Backfill
Backfill loads existing rows into a destination. It runs concurrently with the realtime publish and merges with it so there are no gaps and no stale overwrites.
Automatic backfill
- New tables are backfilled on first run (via
AutoBackfillNewTables, default on). - Version changes re-backfill an entity when its
WithBackfillVersionstring changes (AutoBackfillOnVersionChange, default on). Bump it whenever you change a transform's output shape:
cdc.Map<Product>()
.ToSink("meili", "products")
.WithBackfillVersion("v3") // bump → re-backfill + reindex just this entity
.UsingTransform(/* ... */);Each entity is versioned and backfilled independently, so reindexing one doesn't disturb others or the live stream.
Manual backfill
Resolve ICdcBackfillManager and request a backfill at runtime (e.g. from an admin endpoint):
public sealed class AdminController(ICdcBackfillManager backfill)
{
public Task Reindex() => backfill.RequestBackfillAsync<Product>();
}Requests are persisted, so they survive restarts and are executed by whichever node currently holds leadership, and a request made on a standby node is still honored. GetStatusAsync() returns the current state of every tracked table.
How it works
Each table is snapshotted in keyset-paged chunks (ordered by primary key), and each chunk is bracketed by low/high watermark markers emitted via pg_logical_emit_message. The live reader records any keys that change between the watermarks; at the high watermark the chunk's surviving rows are emitted through the same transform and sink path as live changes. If a row is changed live during the window, the live version wins.
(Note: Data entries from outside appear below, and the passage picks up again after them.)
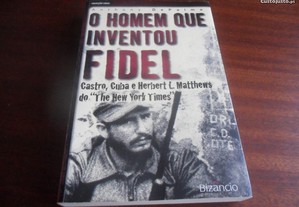 "O Homem Que Inventou Fidel" de Anthony DePalma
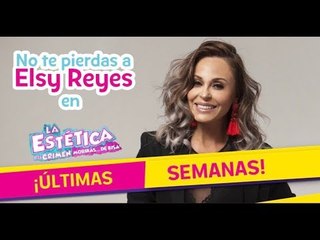 Mañana sábado 10 de noviembre es mi estreno en La Estética del Crimen 8:30pm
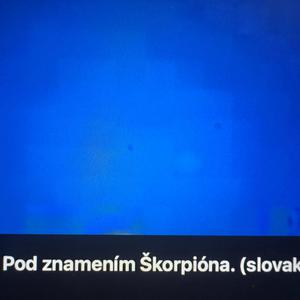 Pod znamením Škorpióna. (slovak)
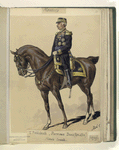 Il presidente Porfirio Diaz (Gen. di Divisione), 1890. Piccola tenuta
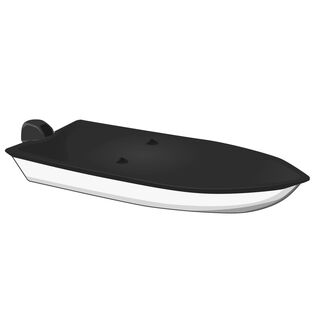 Exact Fit Boat Cover For 1995-1996 KEY West Explorer 1500 W/Low BOW Rails NO Shield O/B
Progress is persisted per table, so a backfill resumes from its last cursor after a restart.
Scoped (fan-out) backfill
The same engine also re-snapshots a subset of a table's rows on demand. When a dependent fan-out is wider than one page, its tail is enqueued as a scoped backfill job (filtered to the affected keys) that runs asynchronously on the leader — so the triggering transaction is acknowledged immediately instead of blocking on a huge re-index. These jobs coalesce per (table, key set), are chunked and resumable just like a full backfill, and emit through the same transform/sink path. See Transforms → Scaling fan-out.
Tuning & safety
ChunkSize(default 500) sets the keyset page size;MaxBatchSize(default 1000) bounds each dispatched batch.- Re-backfills are safe because sinks are idempotent (upsert/delete by id).
- A backfill of a large table is chunked and resumable, so it can be interrupted and will continue.